British scientists have found that people who are single in old age or widowed are 40 percent more likely to develop dementia than married people according to a report on Daily Mail.

According to experts, married people are less likely to get dementia than singletons because they generally tend to be more socially active, have more frequent conversations, eat more healthily and exercise more than people who are single or widowed.

“It’s not the process of getting married or having a ring on your finger that protects you against the development of dementia,” lead researcher Dr Andrew Sommerlad, of University College London, said as quoted on Daily Mail.

“But I think what this study tells us is about the lifestyle factors that might affect someone’s risk of developing dementia.”

To arrive at this conclusion, researchers from University College London analyzed 14 studies which contained data on more than 800,000 people aged over 65.

The researchers found that single people were at 42 per cent higher risk of developing dementia compared to married people, while widows or widowers were at a 20 per cent higher risk.

Dr Sommerlad added that the social aspects of being married could help protect the brain.

“I think it is likely to be explained by the fact married people have more lifetime interaction with other people. That is stimulating to your brain and it gives you more strategies to be able to cope with the damage to your brain that dementia causes – what’s known as cognitive reserve,” Dr SOmmerlad added.

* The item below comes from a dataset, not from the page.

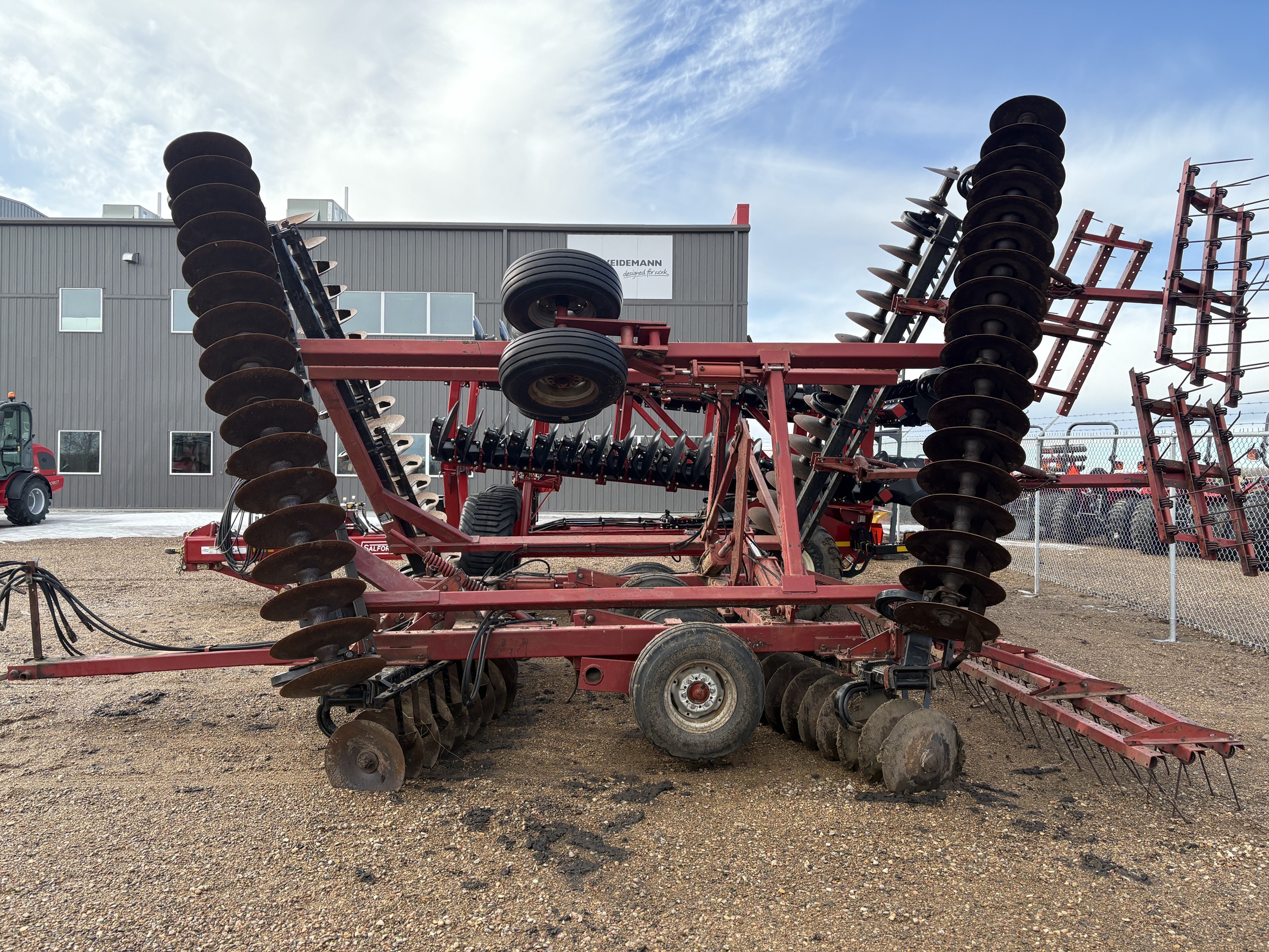 1995 Case IH 496 Disk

Dr Laura Phipps of Alzheimer’s Research UK also added that various researches have shown that married people generally live longer and enjoy better health.

“There is compelling research showing married people generally live longer and enjoy better health, with many different factors likely to be contributing to that link,” Dr Phipps said as quoted on Daily Mail.

“People who are married tend to be financially better off, a factor that is closely interwoven with many aspects of our health. Spouses may help to encourage healthy habits, look out for their partner’s health and provide social support.

“Staying physically, mentally and socially active are all important aspects of a healthy lifestyle and these are things everyone, regardless of their marital status, can work towards.”